I Capitani Reggenti ricordano i 70 anni dalla Dichiarazione dei diritti dell'uomo

Quando fu approvata, il mondo era uscito dal secondo conflitto globale, con le tragedie personali e collettive, la distruzione, l'orrore dei campi di sterminio. Il 10 dicembre 1948 l'Assemblea delle Nazioni Unite emanò la Dichiarazione dei diritti dell'uomo. Nel loro messaggio, i capi di Stato Mirco Tomassoni e Luca Santolini ricordano quel passaggio nato dall'esigenza di impegnarsi per il “pieno rispetto dalla condizione umana”. Un atto di “responsabilità collettiva - lo definisce la Reggenza – per la comunità internazionale e per i singoli Stati” chiamati a promuovere una “cultura dei diritti”.

In un passaggio, i capi di Stato ricordano però che, da allora, la povertà, le discriminazioni e le ripetute violazioni dei diritti confermano che “è ancora lungo il cammino da compiere”. Rispetto dell'essere umano che, spiegano, deve ancora essere “raggiunto in tante parti del mondo”. Il concetto vale anche per i Paesi di consolidata democrazia, specie nei momenti difficili, perché, ricorda la Reggenza, si tratta di una conquista “mai acquisita per sempre”.

La ricorrenza dei 70 anni dalla Dichiarazione diventi l'occasione, esortano, “per una rinnovata consapevolezza sul rispetto e sulla tutela dei diritti umani come nucleo centrale della democrazia”. E per contrastare l'indifferenza che, soprattutto nel secolo scorso, portò a tristi conseguenze.
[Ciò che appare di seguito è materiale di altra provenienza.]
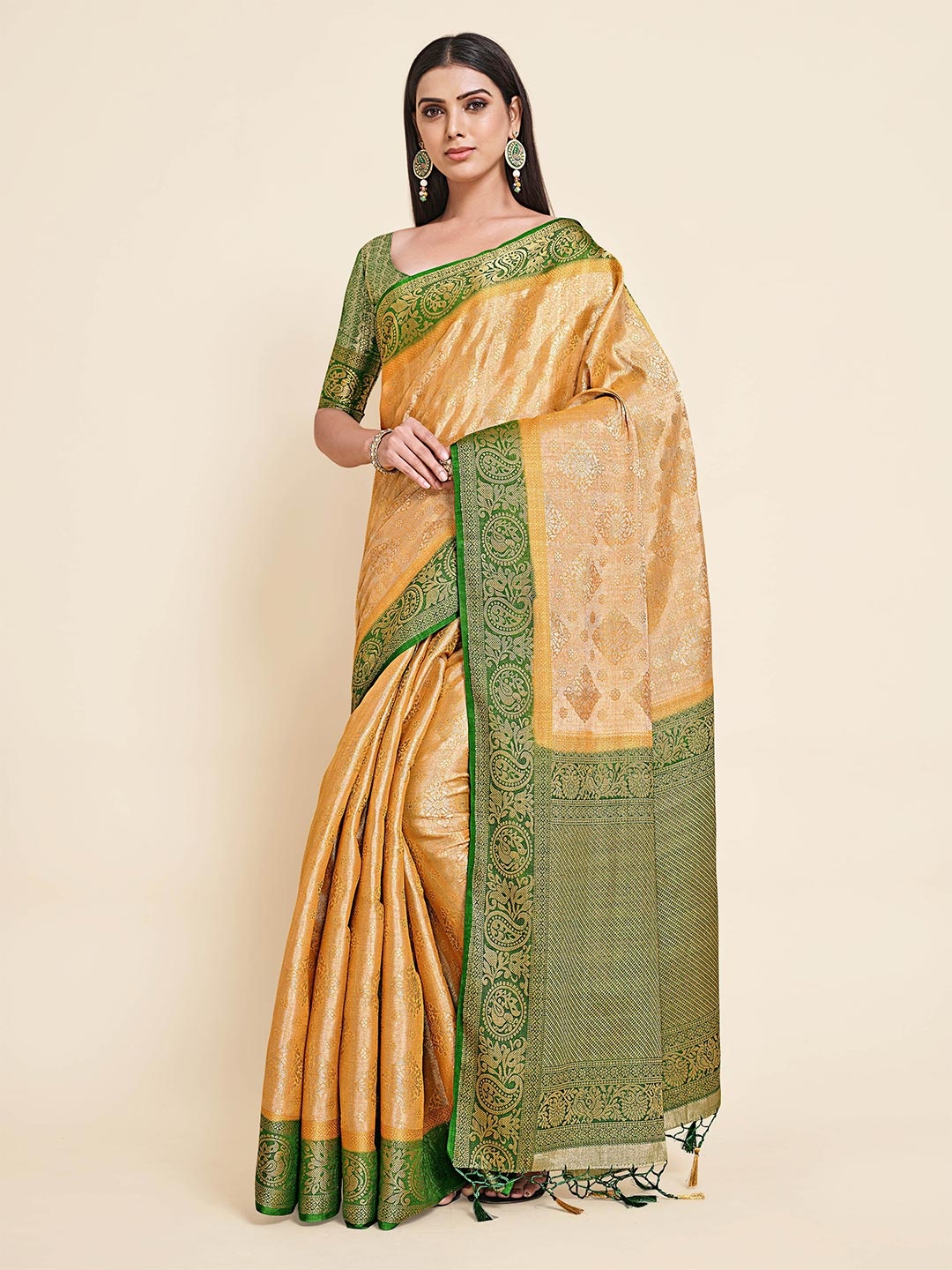 

MIMOSA Mustard & Green Ethnic Motifs Zari Art Silk Kanjeevaram Saree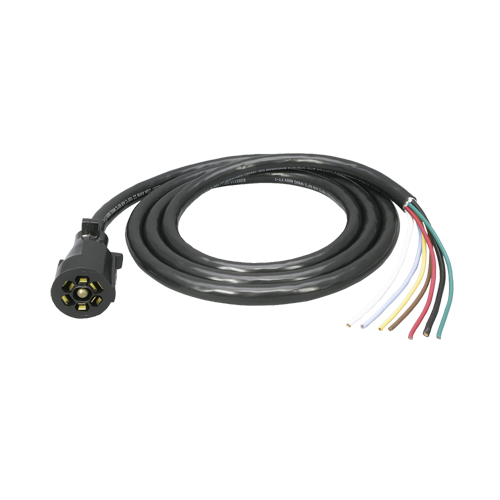Bargman Trailer Wiring Connector, Trailer Side, 7-WAY Blade, 8 Feet Lead Wire Length – 50-67-003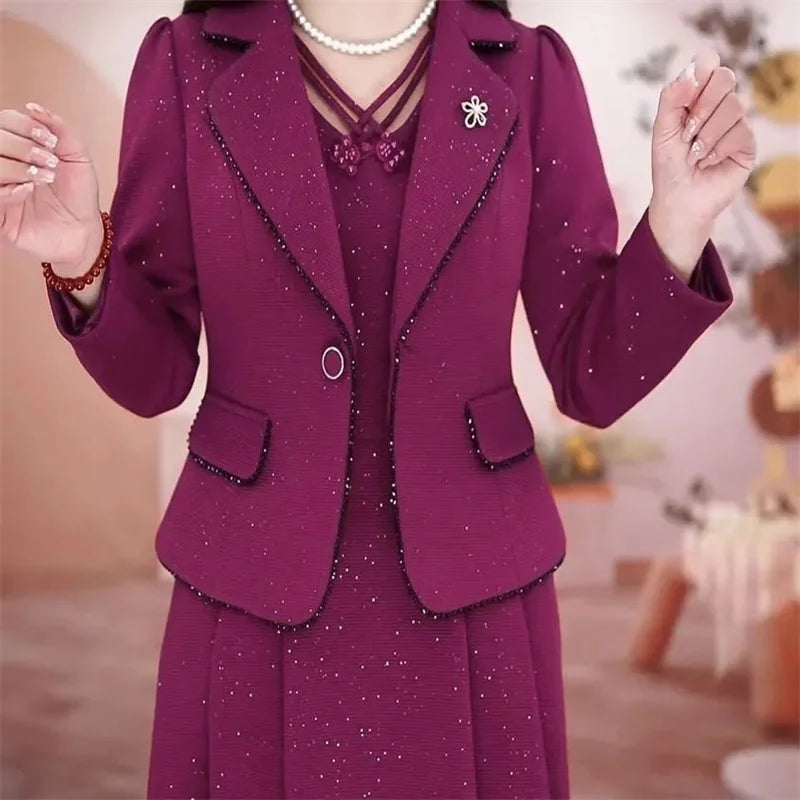 Maxy Middle Aged Female Dress Sets Spring Autumn High End Elegant Blazer Coat And Long Dress 2PCS Women OL Temperament Dresses Suit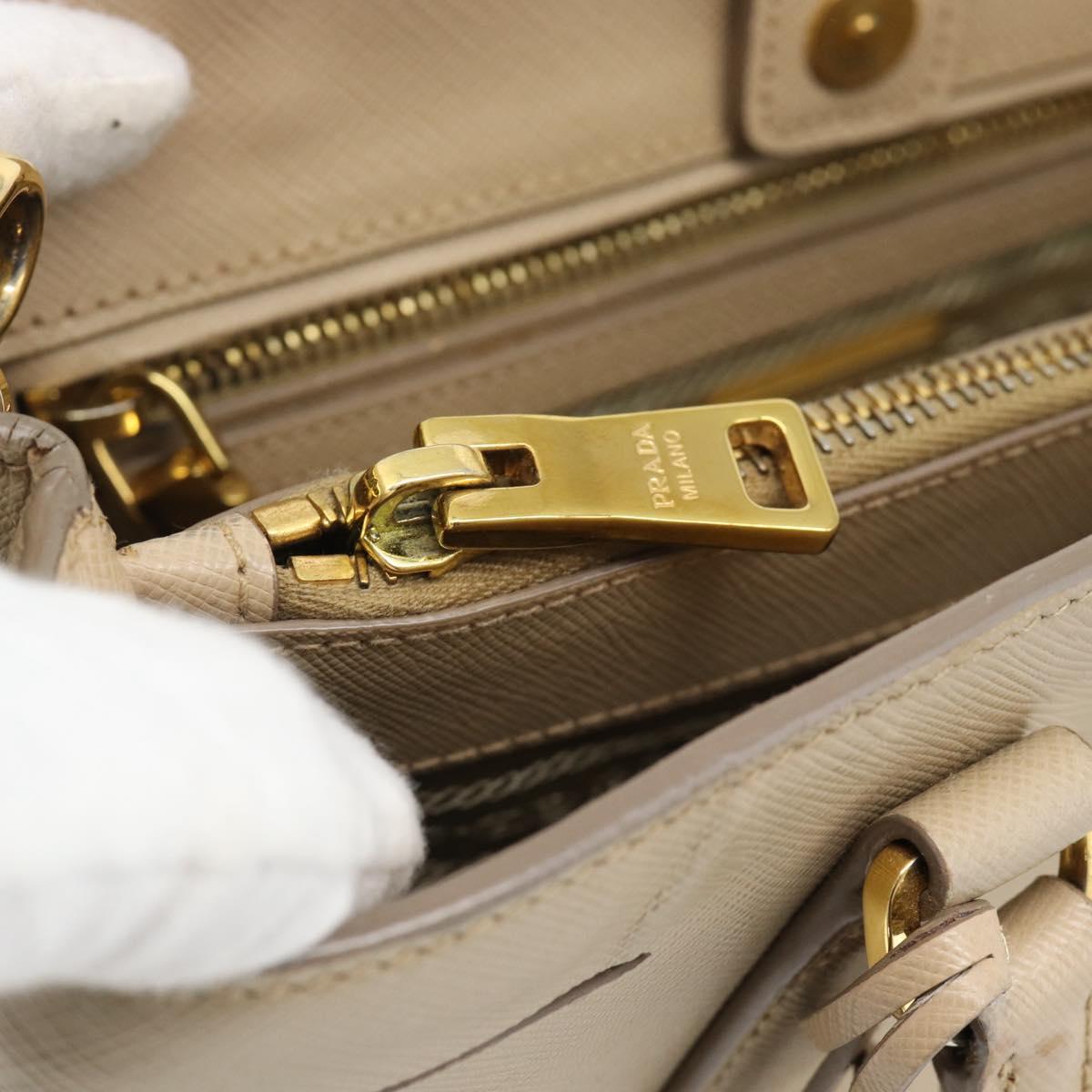 PRADA Galleria Hand Bag Safiano 2way Beige Gold Auth 194655A
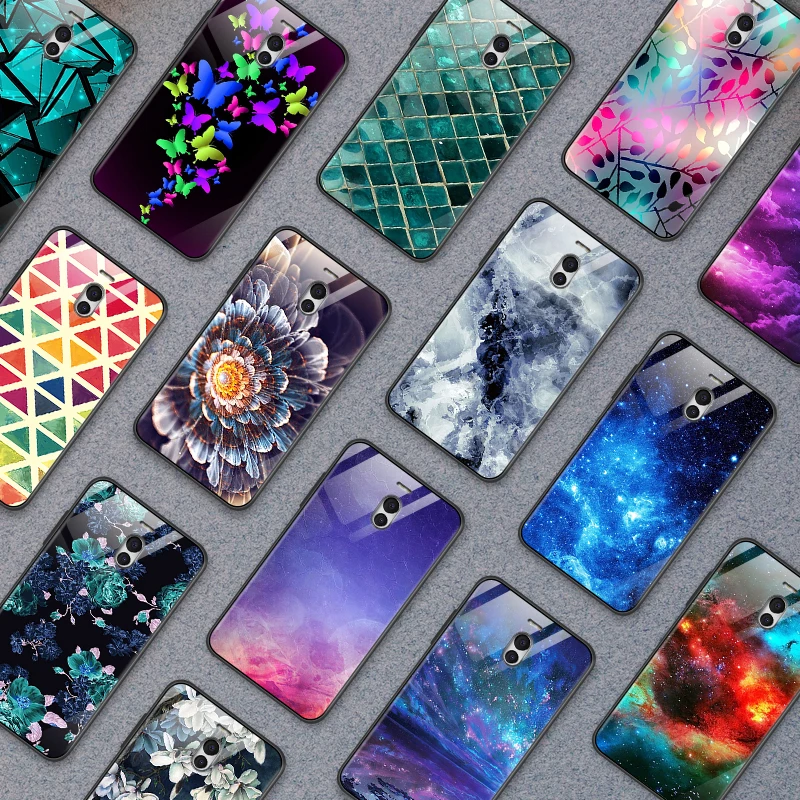 Чехол из закаленного стекла для Meizu 16th Plus M5 M6 M8 M9 Note iPhone 5S SE 6 6S 7 8 XR XS MAX роскошный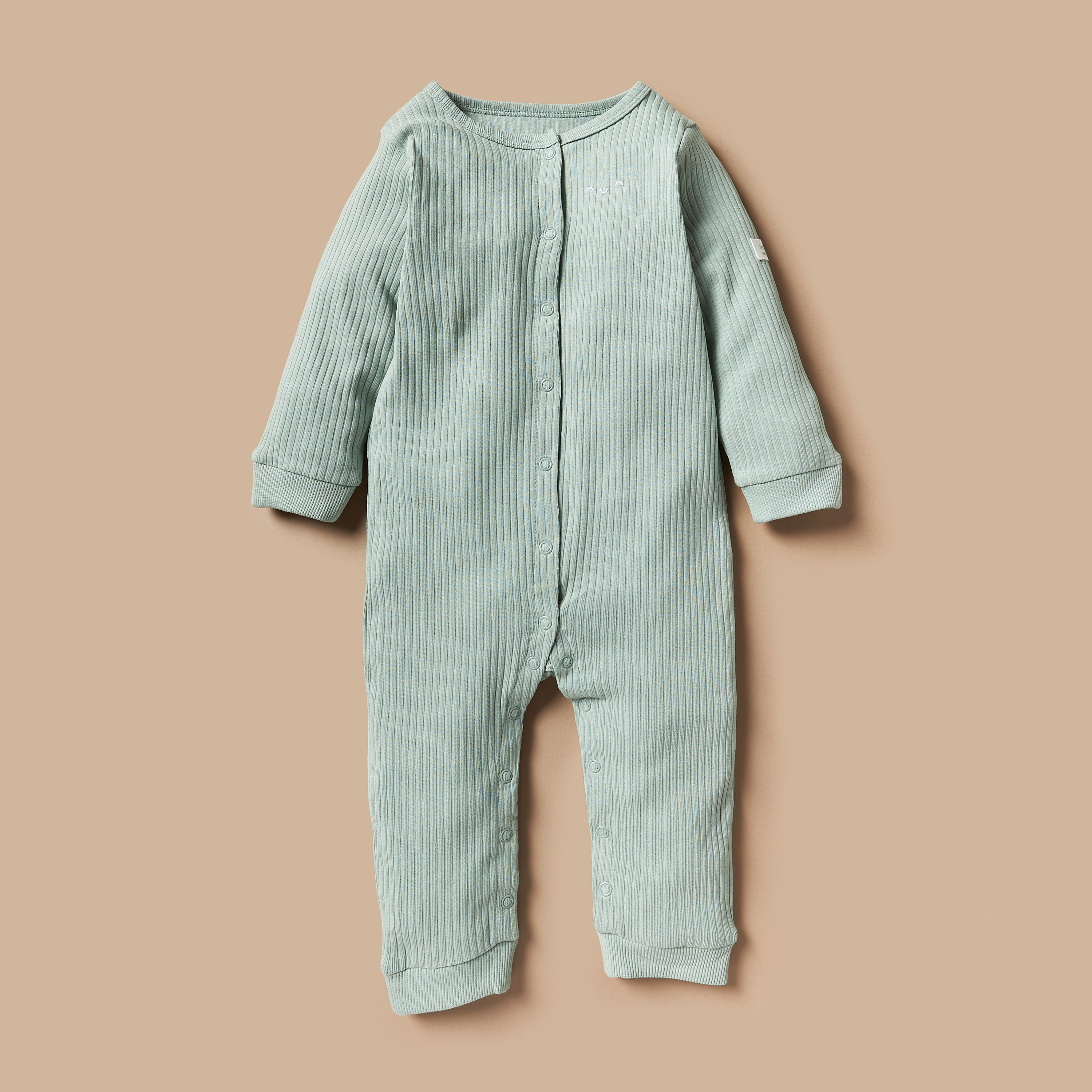 Giggles Textured Long Sleeves Sleepsuit with Button Closure-baby-boys-clothing-nightwear-sleepsuits-image-1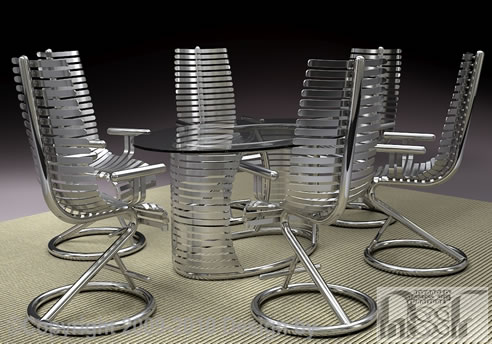 stainless steel dining set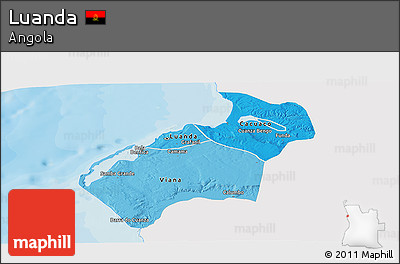 Political Shades Panoramic Map of Luanda, single color outside
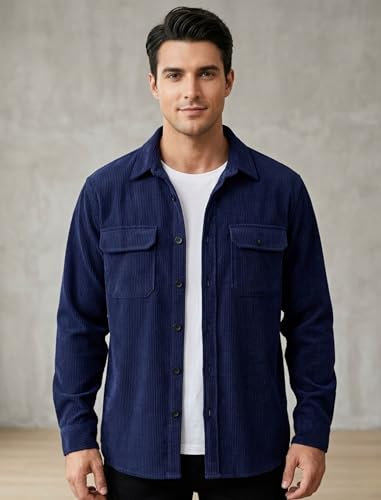 Image of MiraMichi Men's Full Sleeve Corduroy Striped Casual Jacket, Ideal for Stylish Everyday Outfits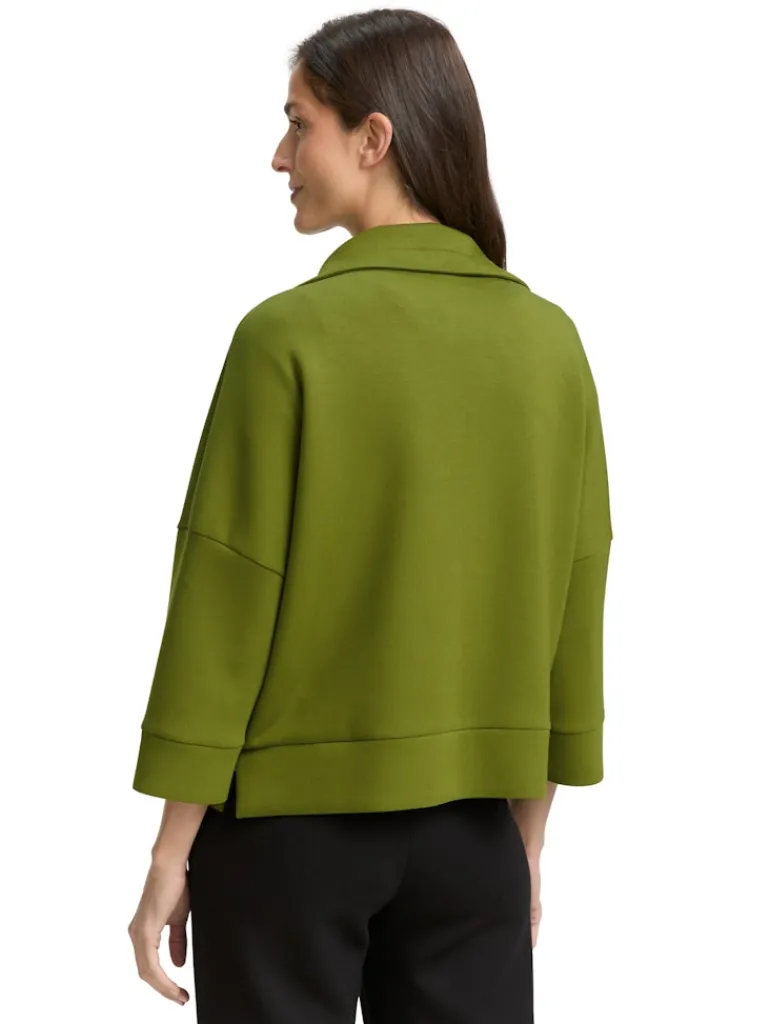 Boxy Fit Scuba Sweatjacke deep ivy green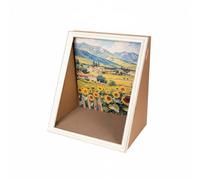 RoaQinFo Planche à Gratter pour Chat Griffoir Canapé Lit Cadre Photo Accessoire Deux en Un pour Griffer et Se Détendre en Carton Ondulé Look Tableau d'art, 443350CM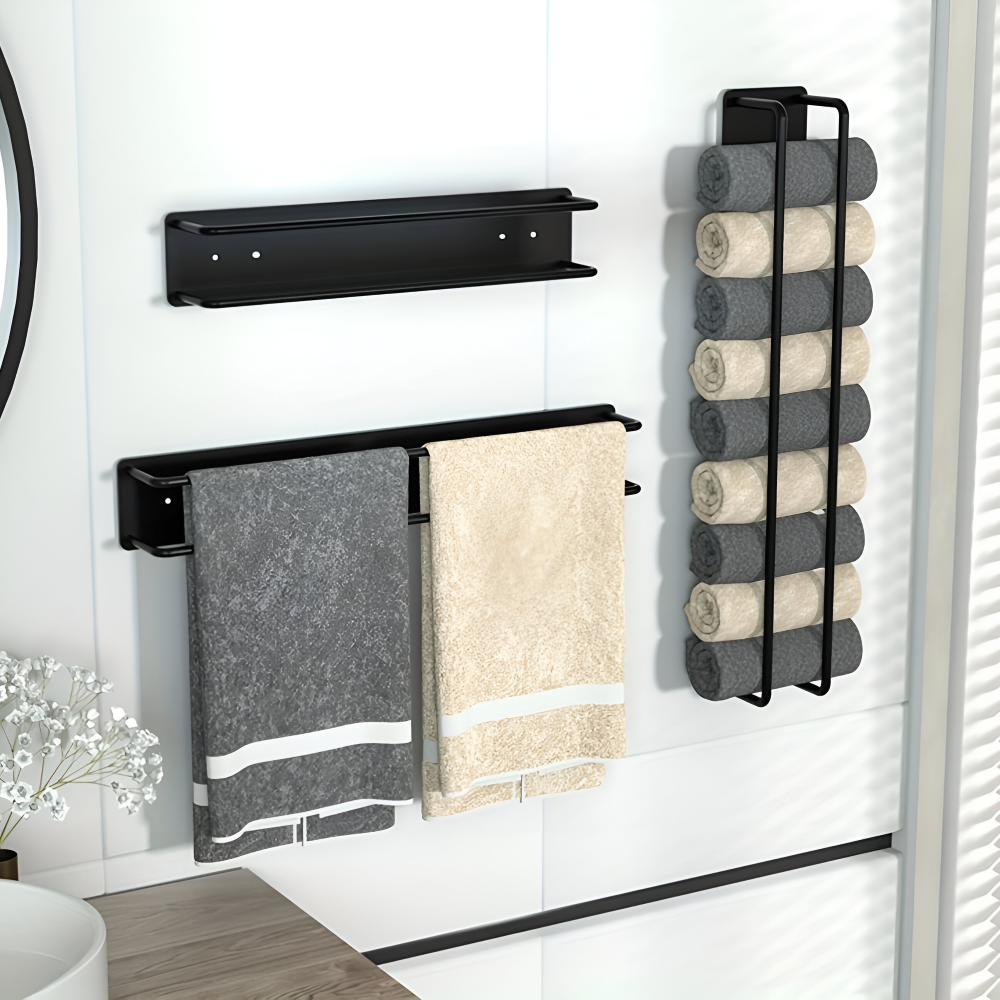 Support double pour serviettes en métal – barre de serviette murale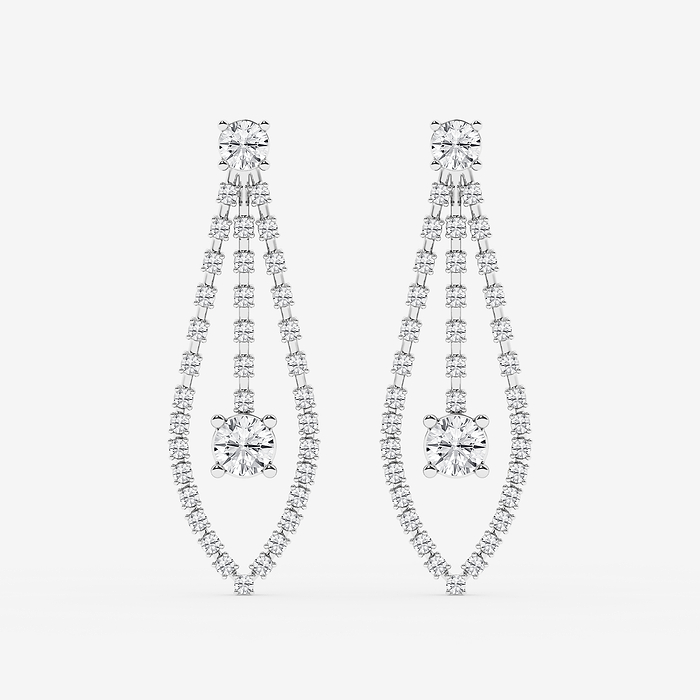 Design ID 12372 - GB Custom 2 5/8 ctw Round Lab Grown Diamond Drop Earring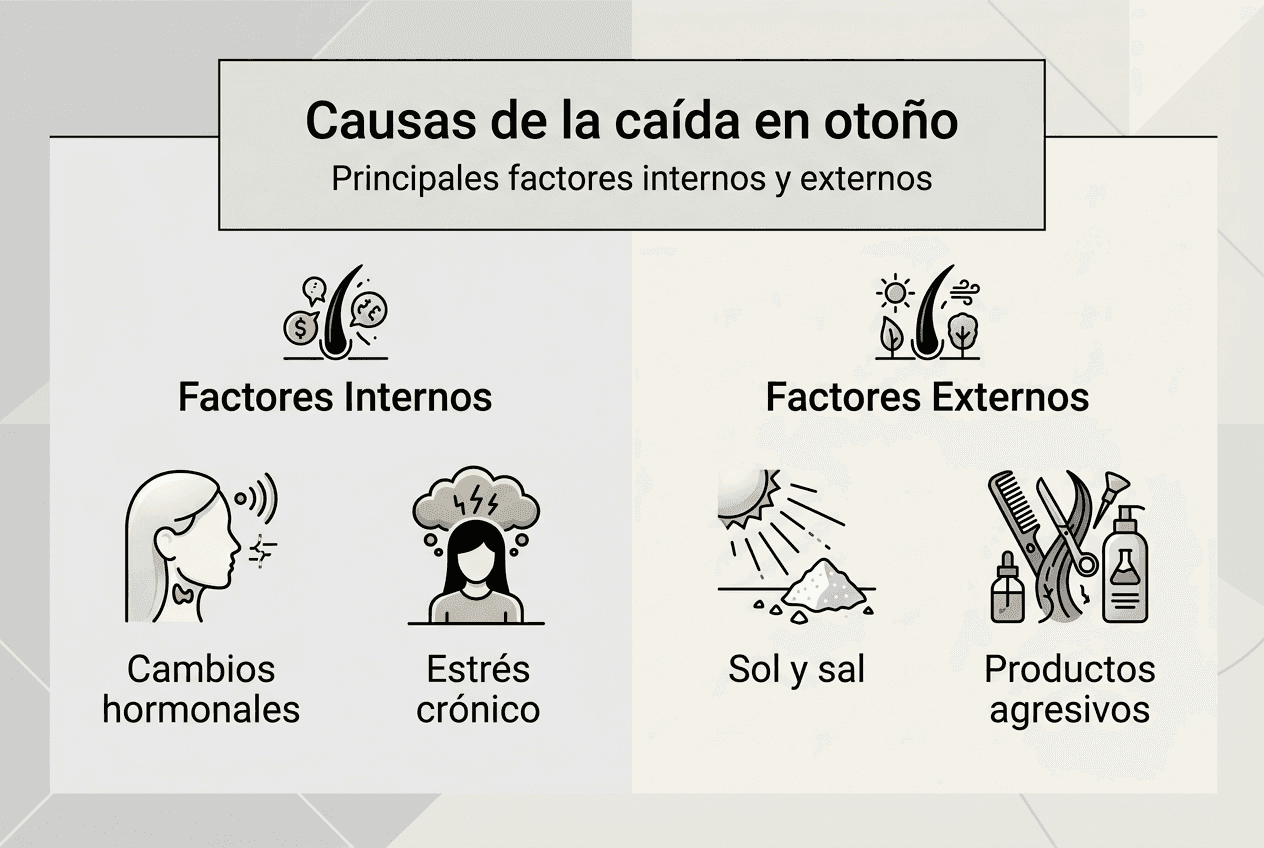Infografía sobre por qué se nos cae más el pelo en otoño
I capi di Stato guardano al futuro, per garantire alle nuove generazioni un “pianeta ancora in grado di assicurare condizioni di vivibilità” e “un'informazione libera”. Uno degli obiettivi fondamentali è “portare l'umanità intera – come si legge sul finire del messaggio - a compiere significativi passi verso ulteriori traguardi di civiltà”.